DevOps can help reduce technical debt in some fundamental ways.
Continuous Delivery/Deployment
First, building a Continuous Delivery/Deployment pipeline, automating the work of migration and deployment, will force you to clean up inconsistencies and holes in configuration and code deployment, and inconsistencies between development, test and production environments.
And automated Continuous Delivery and Infrastructure as Code gets rid of dangerous one-of-a-kind snowflakes and configuration drift caused by making configuration changes and applying patches manually over time. Which makes systems easier to setup and manage, and reduces the risk of an un-patched system becoming the target of a security attack or the cause of an operational problem.

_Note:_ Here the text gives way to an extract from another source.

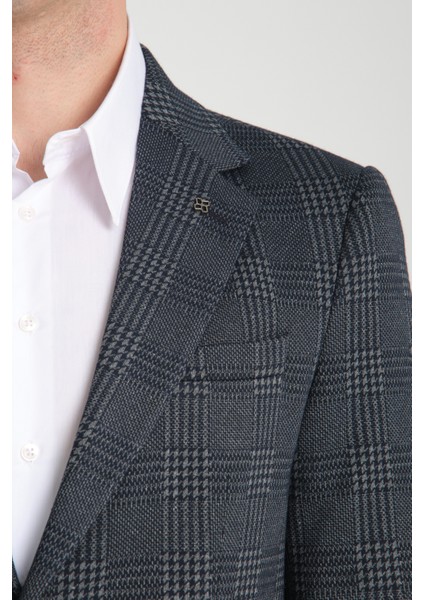 Eleventy Erkek Lacivert Likralı Pamuk Karışımlı Ekose Desenli Slim Fit Spor Blazer Ceket fiyatları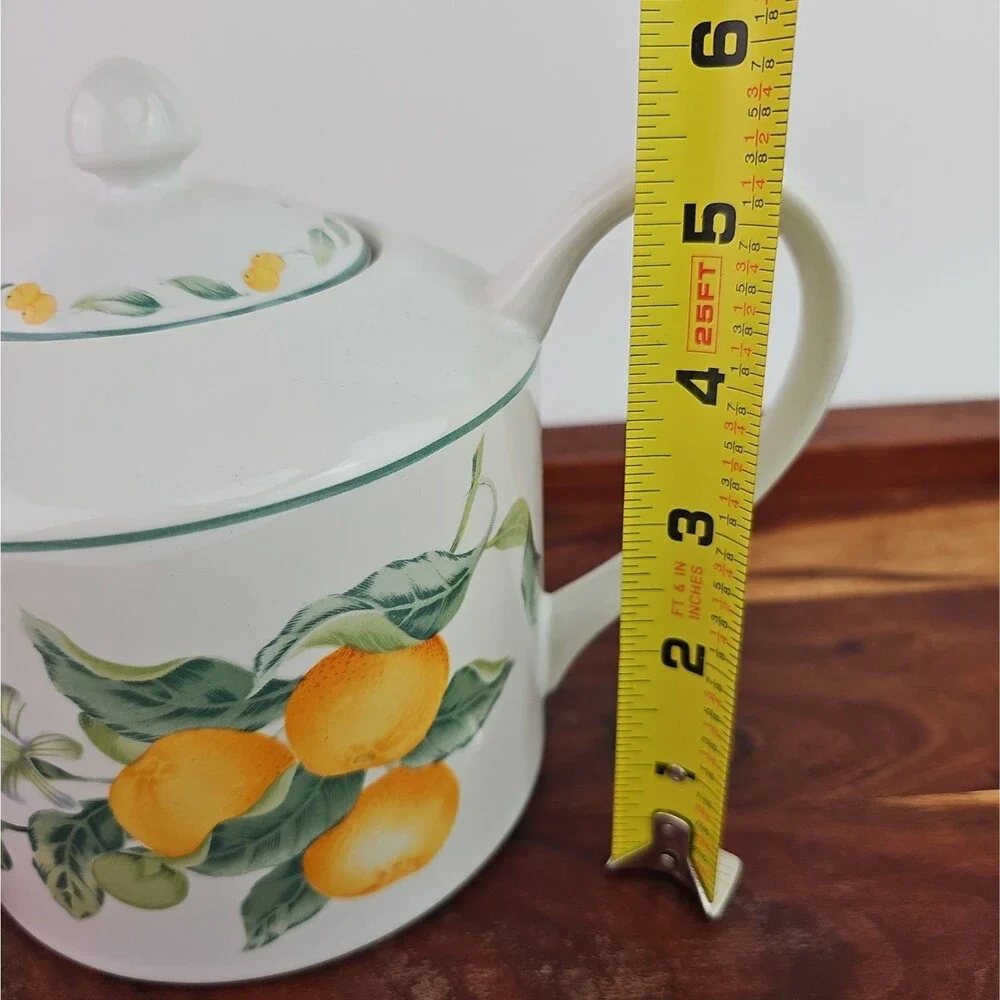 Julie Pople Country Fruit Collection Tea Pot Farmhouse Decor White Yellow Green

A CD pipeline also makes it easier, cheaper and faster to pay down other kinds of technical debt. With Continuous Delivery/Deployment, you can test and push out patches and refactoring changes and platform upgrades faster and with more confidence.
Positive Feedback
The Lean feedback cycle and Just-in-Time prioritization in DevOps ensures that you’re working on whatever is most important to the business. This means that bugs and usability issues and security vulnerabilities don’t have to wait until after the next feature release to get fixed. Instead, problems that impact operations or the users will get fixed immediately.
Teams that do Blameless Post-Mortems and Root Cause(s) Analysis when problems come up will go even further, and fix problems at the source and improve in fundamental and important ways.
But there’s a negative side to DevOps that can add to technical debt costs.
Erosive Change
Michael Feathers’ research has shown that constant, iterative change is erosive: the same code gets changed over and over, the same classes and methods become bloated (because it is naturally easier to add code to an existing method or a method to an existing class), structure breaks down and the design is eventually lost.
DevOps can make this even worse.
DevOps and Continuous Delivery/Deployment involves pushing out lots of small changes, running experiments and iteratively tuning features and the user experience based on continuous feedback from production use.
Many DevOps teams work directly on the code mainline, “branching in code” to “dark launch” code changes, while code is still being developed, using conditional logic and flags to skip over sections of code at run-time. This can make the code hard to understand, and potentially dangerous: if a feature toggle is turned on before the code is ready, bad things can happen.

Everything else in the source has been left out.